立ち上がり、少々キツめなパイロットスーツを脱ぎ、 風呂に入ってリフレッシュする沙織。
「おじいちゃんの時代は、まだ宇宙にはロシアとアメリカの人が数人、宇宙に上がっただけで、宇宙飛行士への道など何処にもなかった。それが『アポロ』が出来て『チャレンジャー』になって、誰もが目指せる道ができて、今に至る」
風呂から出ると充電していた、やっと自由に使えるようになったスマホを開き、写真を出す沙織。

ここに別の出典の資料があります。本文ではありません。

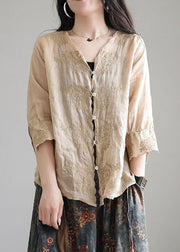 Unique Khaki Embroideried Linen Shirt Half Sleeve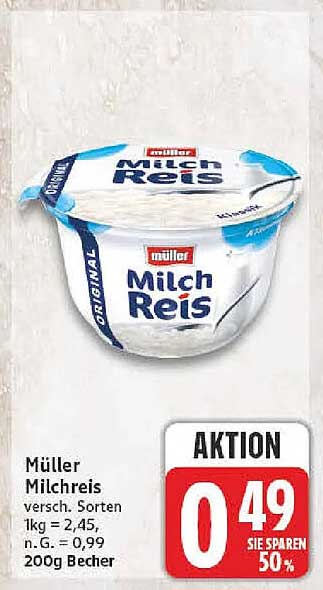 Müller Milchreis versch. Sorten 200g Becher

家族写真の中に、スーパーマンみたいに仁王立ちしている老人のおじいちゃんを見る。
「何度見ても、ウケるなこの写真。・・・おじいちゃんが行けなかった宇宙。それが今は、アメリカだけじゃなく、どの世界の国からも行けるチャンスが、でき、そして女性の私たちや誰でも宇宙飛行士になれる。・・・宇宙に行きたいのはおじいちゃんの夢だ。私はおじいちゃんの夢を果たしてやる。宇宙を見てやる。・・・ぜったーい。 宇宙飛行士に私はなる」
と、1人断言してみるが、何かを真似た言い方した自分が少し恥ずかしい。
「全ては合格することだ。」
と、ベットに転がる沙織。
「終わった。全て終わった。後は結果を待つだけ」
ベッドのキャビネットにあるマイケルとの二人の写真みて、沙織は
「宇宙に行く時はちゃんと連れていくから心配しないで。おじいちゃん、マイケル、2人の思いを持って上がるわ」
と、言うと写真に手を振る。
すると急に眠気が押し寄せてくる。
「意外に疲れてるな私・・・気が緩んで疲れが、ドーッと・・・」
そのままべッドに倒れこんだ状態で眠りに落ちてしまう沙織。